> Work to complete
With the pictures excluded, reproduce all of the data exactly.

(Saved entries)
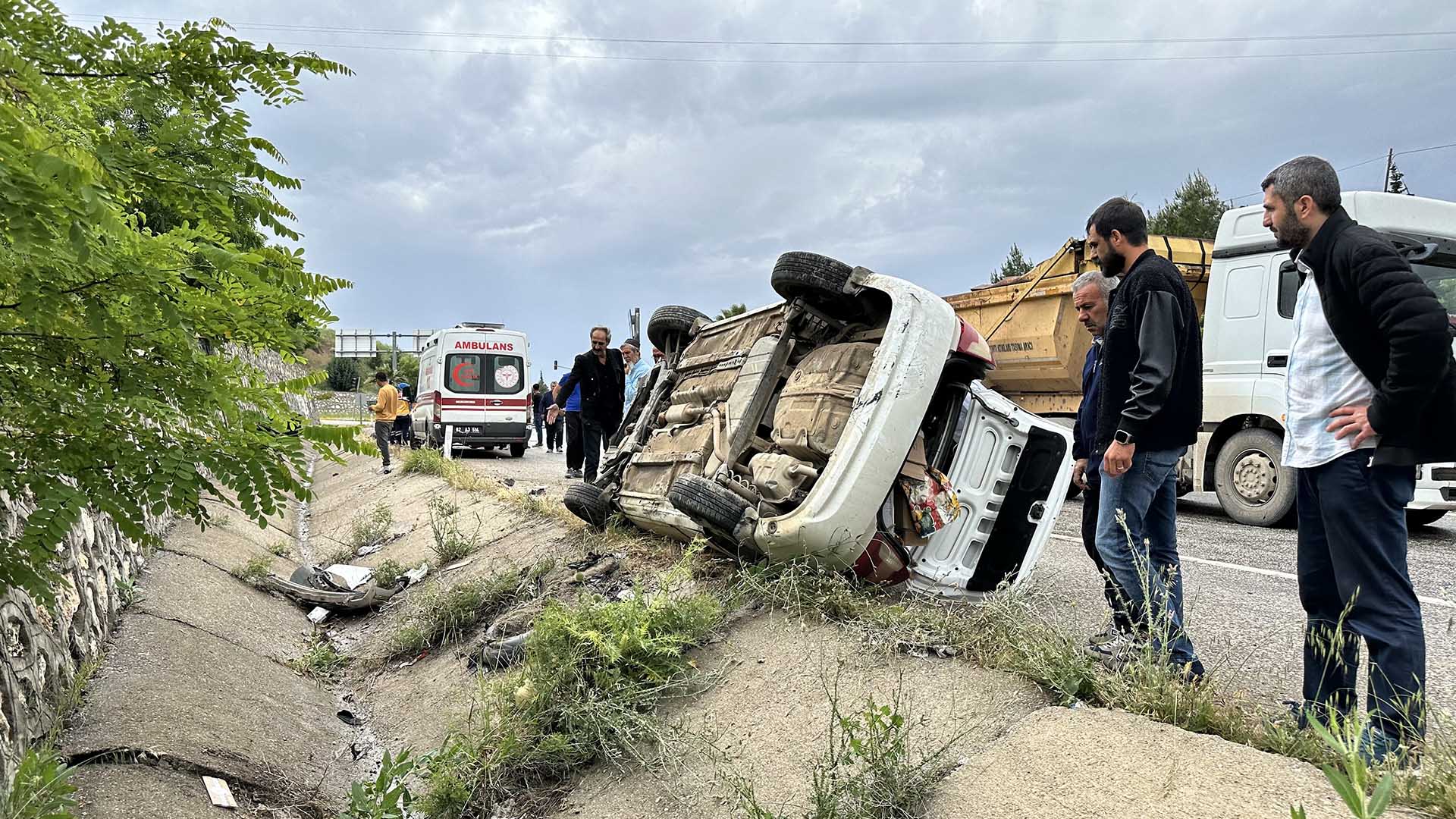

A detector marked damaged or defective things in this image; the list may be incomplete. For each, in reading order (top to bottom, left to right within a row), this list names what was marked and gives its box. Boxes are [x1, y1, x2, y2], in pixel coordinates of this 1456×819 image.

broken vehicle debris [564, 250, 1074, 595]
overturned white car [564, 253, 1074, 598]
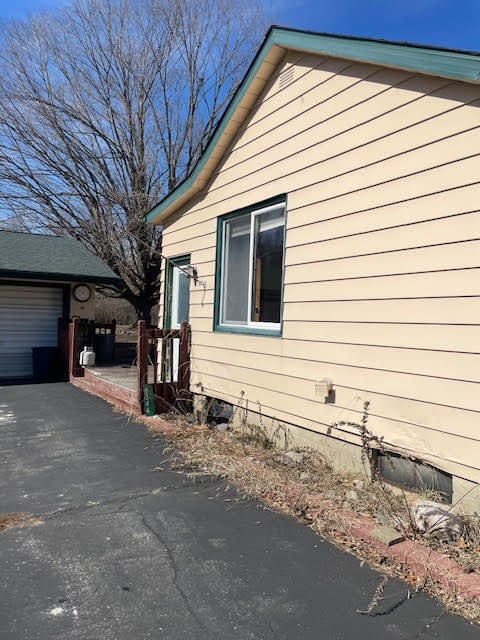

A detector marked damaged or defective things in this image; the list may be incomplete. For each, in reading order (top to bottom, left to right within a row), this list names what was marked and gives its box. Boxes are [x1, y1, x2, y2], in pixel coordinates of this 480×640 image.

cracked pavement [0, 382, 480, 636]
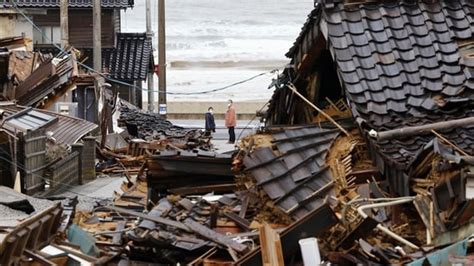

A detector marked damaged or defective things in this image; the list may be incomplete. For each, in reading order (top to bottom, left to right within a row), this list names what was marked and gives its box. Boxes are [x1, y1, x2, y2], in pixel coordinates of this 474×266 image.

> Output for this exercise
A detector marked damaged or defective things in this image; the list may be incomplete. For each, in reading order (top to bottom, left to right within a row), this list names what was marked and gives its box. Boxes are [x1, y1, x2, y2], in pixel coordinates of this 1456×819 image.

broken vehicle debris [564, 250, 1074, 595]
overturned white car [564, 253, 1074, 598]

A detector marked damaged or defective things in this image; the list may be incomplete. For each, in reading order (top to bottom, left to right within a row), this list names what was marked and gives its box. Boxes are [x1, y1, x2, y2], in pixel coordinates of this 480×640 image.

cracked pavement [0, 382, 480, 636]

A detector marked damaged or defective things in this image; the list may be incomplete. For each, in reading order (top to bottom, left to right within a row), this list names what was marked and gives its box. Boxes are [x1, y1, x2, y2], in pixel coordinates of this 474×266 image.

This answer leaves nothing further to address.